* _Activity_:
Starting with the first line of the data below, copy each line up to and including the one containing "Every node is". Pictures stay out.

[Dataset entries]
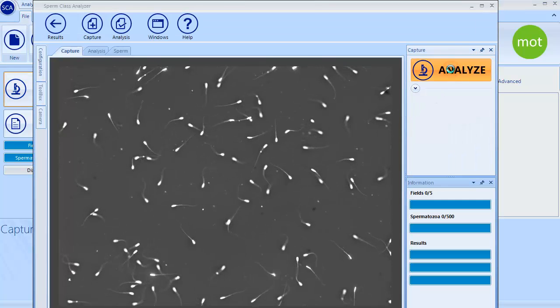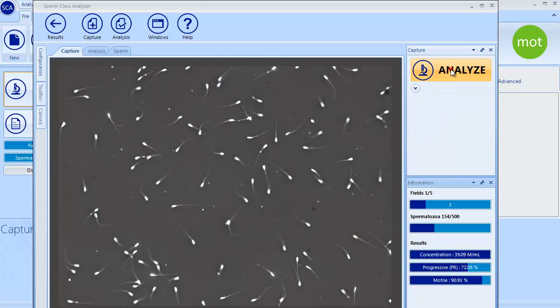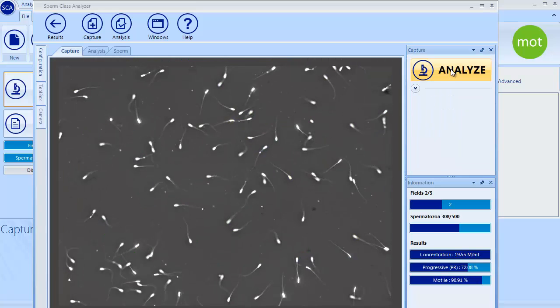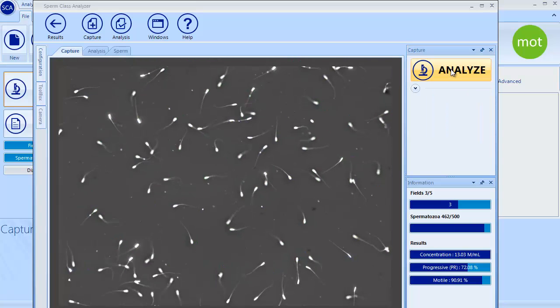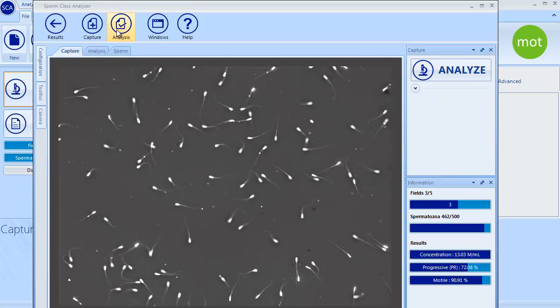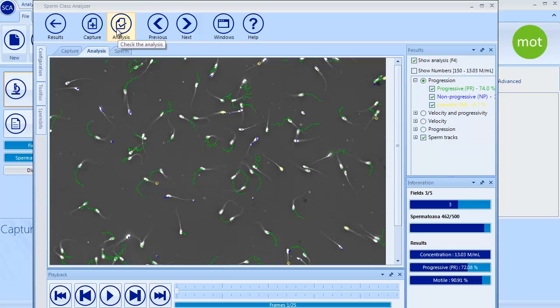Live image is displayed. Focus the field and start the analysis by clicking again the Analyze button. Main analysis information is always present on this side.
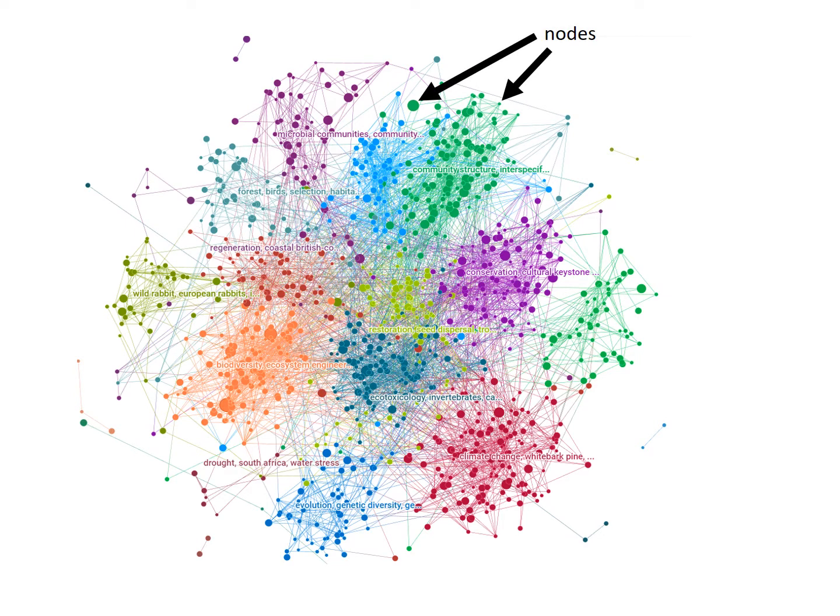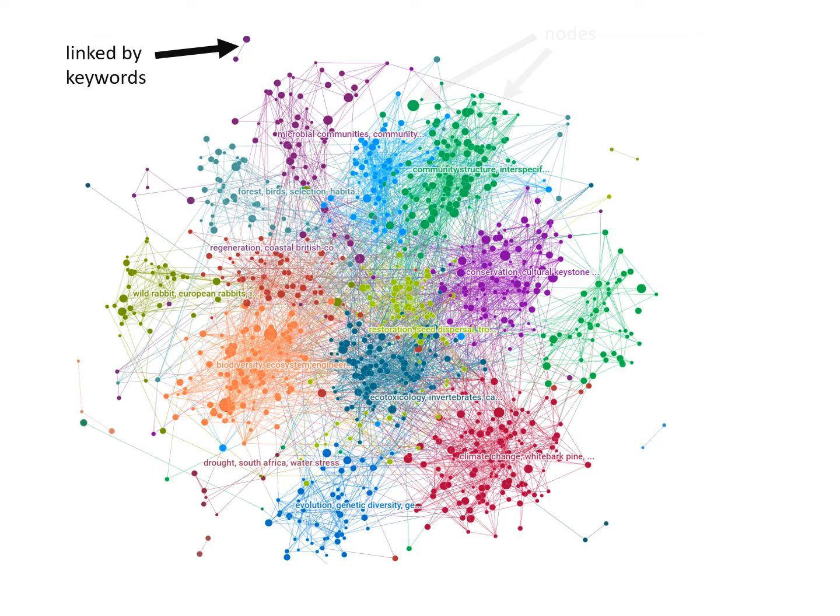Every node is a research article that is sized by the number of citations per year. Nodes are linked if they share similar keywords.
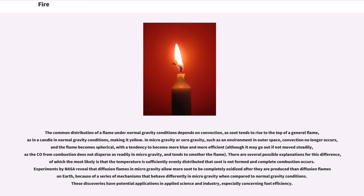There are several possible explanations for this difference, of which the most likely is that the temperature is sufficiently evenly distributed that soot is not formed and complete combustion occurs. Experiments by NASA reveal that diffusion flames in microgravity allow more soot to be completely oxidized after they are produced than diffusion flames on Earth,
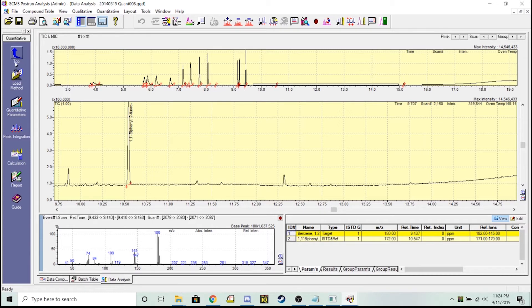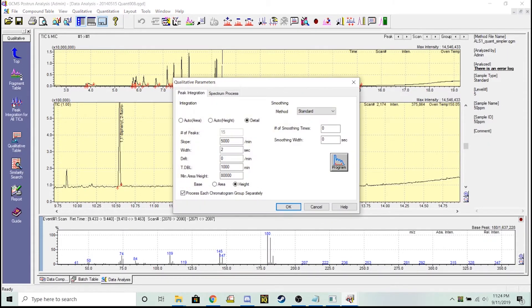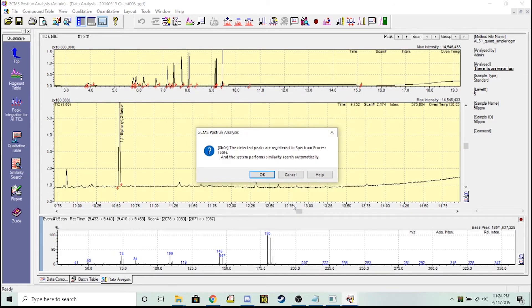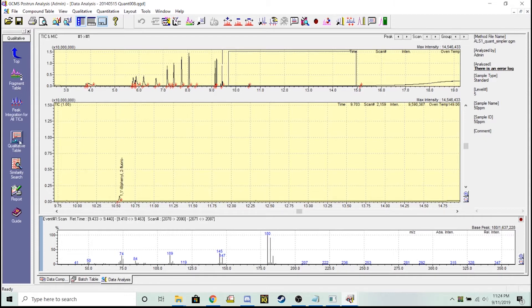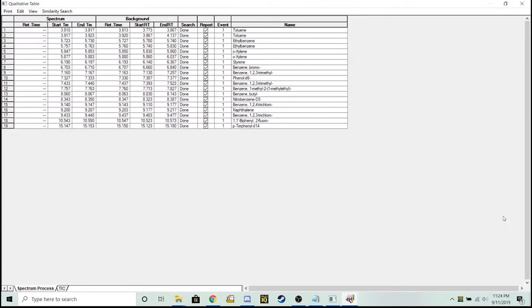Let's go back into qualitative. Peak integration for all ticks - I'm basing it off of my height. I've got 80,000 selected here and then 5,000 is a good number to use for my slope. I can hit okay.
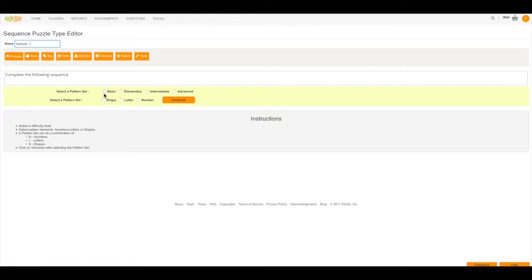I can choose to use either Basic, Elementary, Intermediate, or Advanced. I'm going to choose Basic.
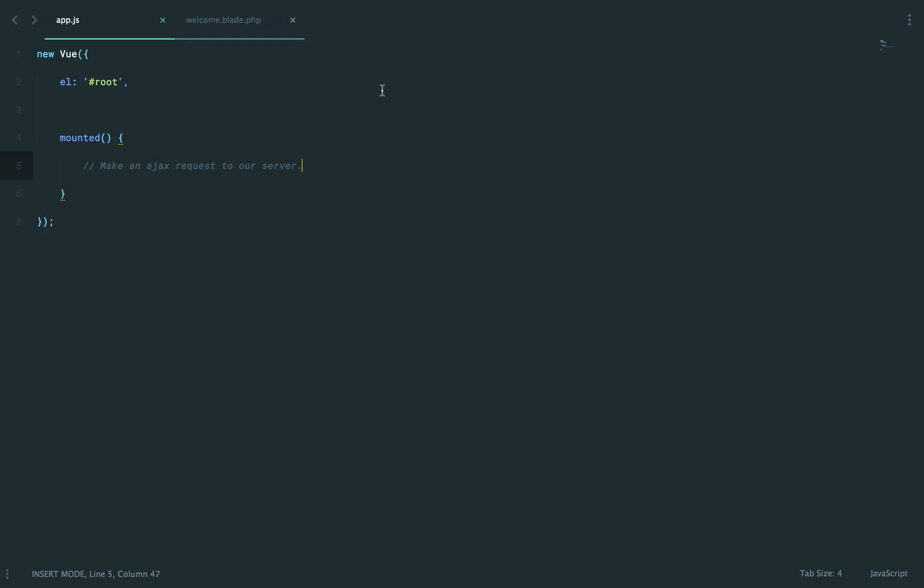If we close this out and return to app.js, the endpoint that we want to hit is slash skills. But how are we going to perform this? You have lots of different choices.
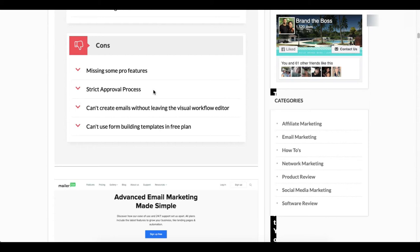So you want to play it safe. Another thing is you can't create emails without leaving the visual workflow editor. So with other autoresponders, you're able to - with some of them - create your emails within the workflow section or the editor.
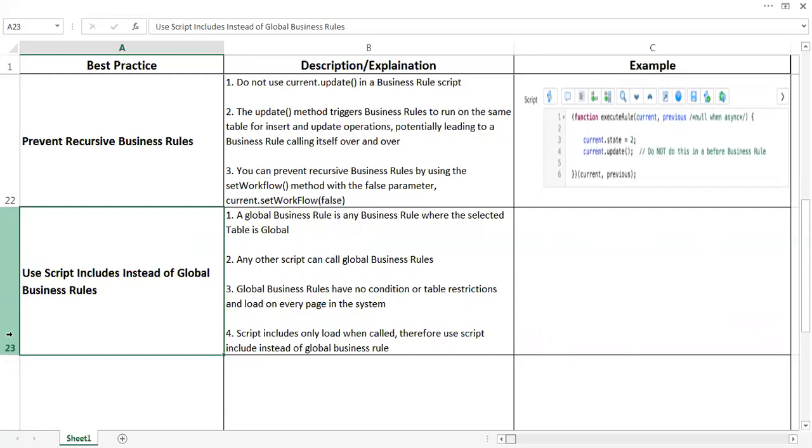on every page load. So any other script can call global business rules. Global business rules have no condition or table restrictions and load on every page in the system, and that will cause system performance issues. Your system may get slow over the period because the system will be having loads of records being inserted in your tables, and then these global types of business rules will be putting some load on the system,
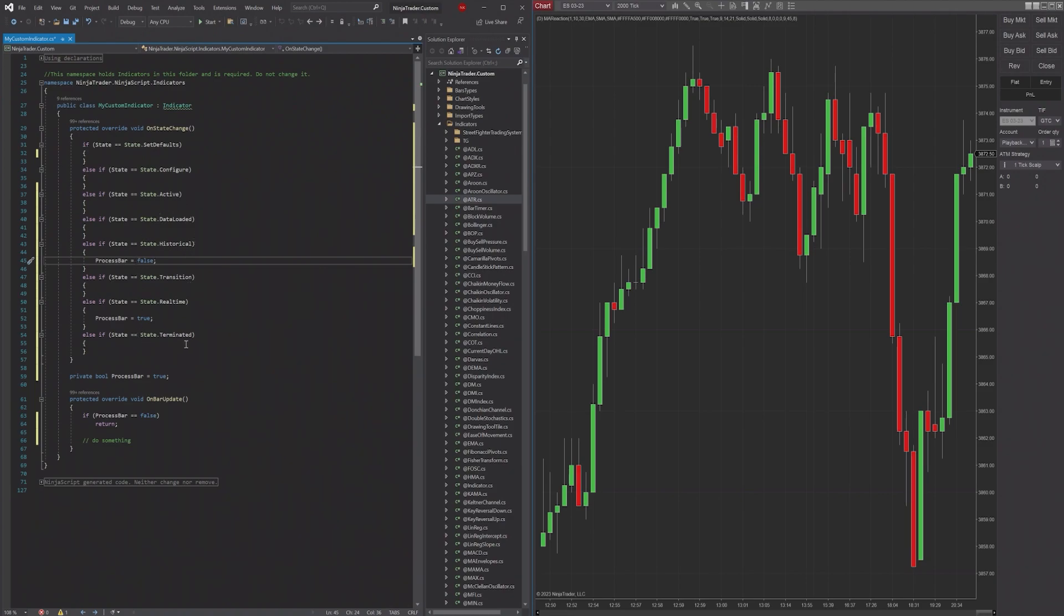And then finally, the last state is going to be Terminated. And this is just when you cancel or when you terminate the indicator.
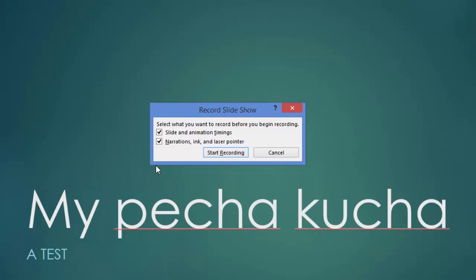Now the very important thing that you have to remember is to click off the slide and animation timings button. Because what it's going to want to do if you do that is change the time from 20 seconds to whatever it is or however long it takes you to go through the slide. So we want the timing that we put in in that transitions panel to override the timings here. But make sure that we do have this one checked because we want to make sure the narration is getting recorded on here. And if you want to, you can use ink and laser pointer. So we'll hit start recording.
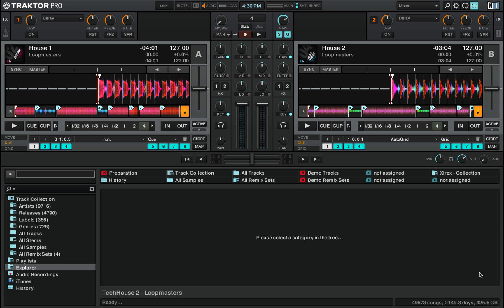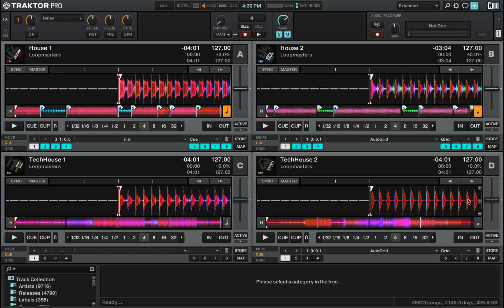But that's not all. Traktor even lets you switch to four decks and connect to a wide variety of DJ equipment. The more equipment you add to your DJ setup, the more functionality you get, and after that, only sky's the limit.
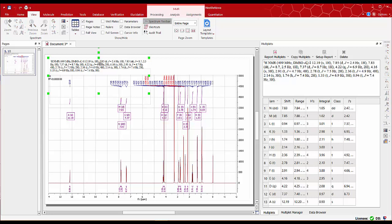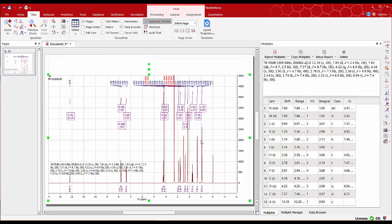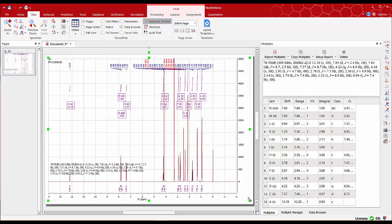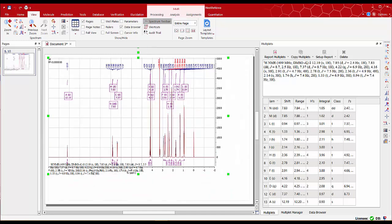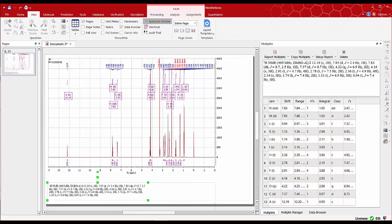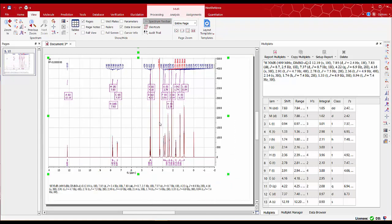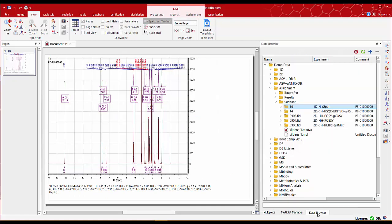We can resize this and leave some space for the structure. Then drag the mol file with your structure.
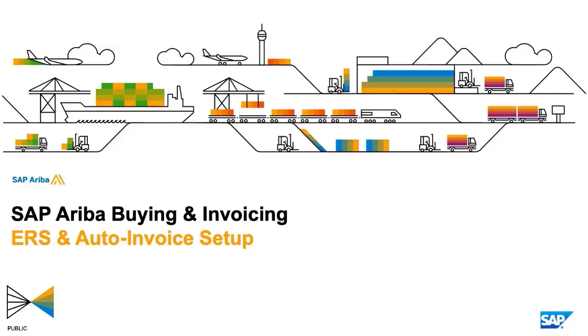Today I wanted to follow up on evaluated receipt settlement and auto invoice setup, the administration setup. I've done an overview as part of the invoice against contract or contract terms document.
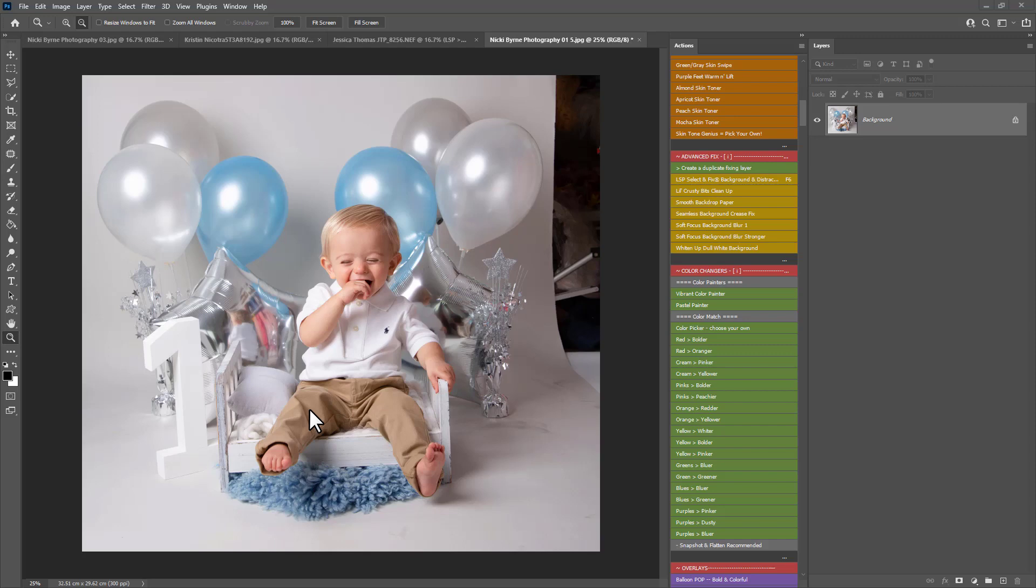Hi this is Lauren from LSP Actions and in this video tutorial I'm going to give you a couple of tips of how to extend and fill in the background using the LSP Cake Smash Cutie Photoshop Action Set.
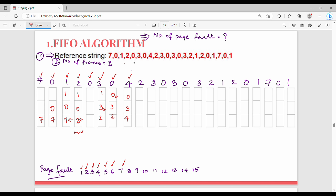Next is 2. There is no 2, so replace — frame becomes 2, 0, 4. Page fault count is 8. Next is 3. There is no 3 in the previous step, so replace the top-most. Frame becomes 3, 2, 4. Page fault count is 9.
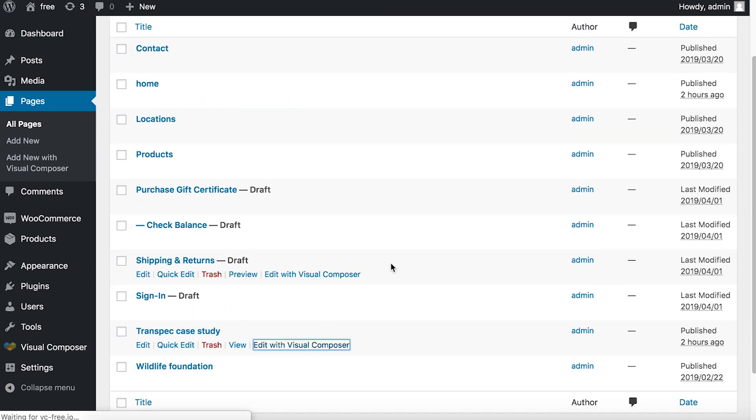First, let's open a page with Visual Composer. To edit the permalink, go to settings that are located here on the navigation bar.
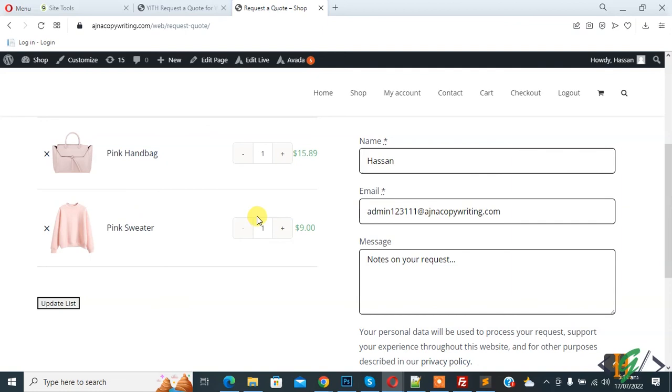In this way you can add request a quote button in WooCommerce. I hope you like this video. Please like, comment, share, subscribe. Thank you for watching.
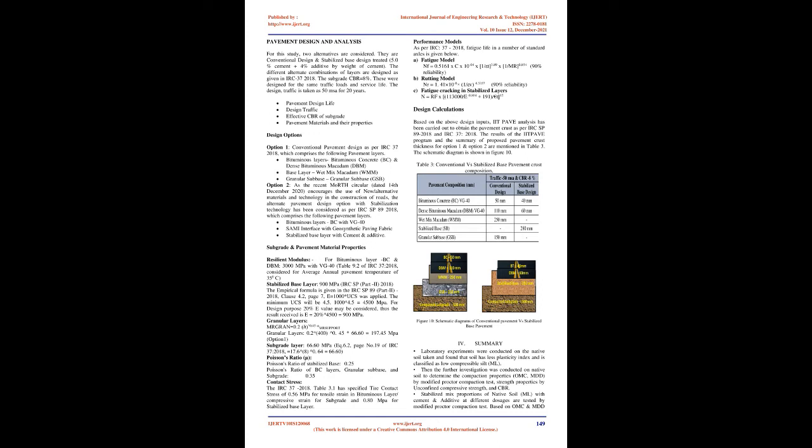Pavement design and analysis: For this study, two alternatives are considered. They are conventional design and stabilized base design treated with 5.0% cement plus 4% additive by weight of cement. The different alternate combinations of layers are designed as given in IRC 37-2018. The subgrade CBR equals 8%. These were designed for the same traffic loads and service life. The design traffic is taken as 50 MSA for 20 years. Option 1: Conventional pavement design as per IRC 37-2018, which comprises the following pavement layers: bituminous layers, bituminous concrete (BC) and dense bituminous macadam (DBM), base layer wet mix macadam (WMM), granular sub-base.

* _Solution_:
Live image is displayed. Focus the field and start the analysis by clicking again the Analyze button. Main analysis information is always present on this side.
Every node is a research article that is sized by the number of citations per year. Nodes are linked if they share similar keywords.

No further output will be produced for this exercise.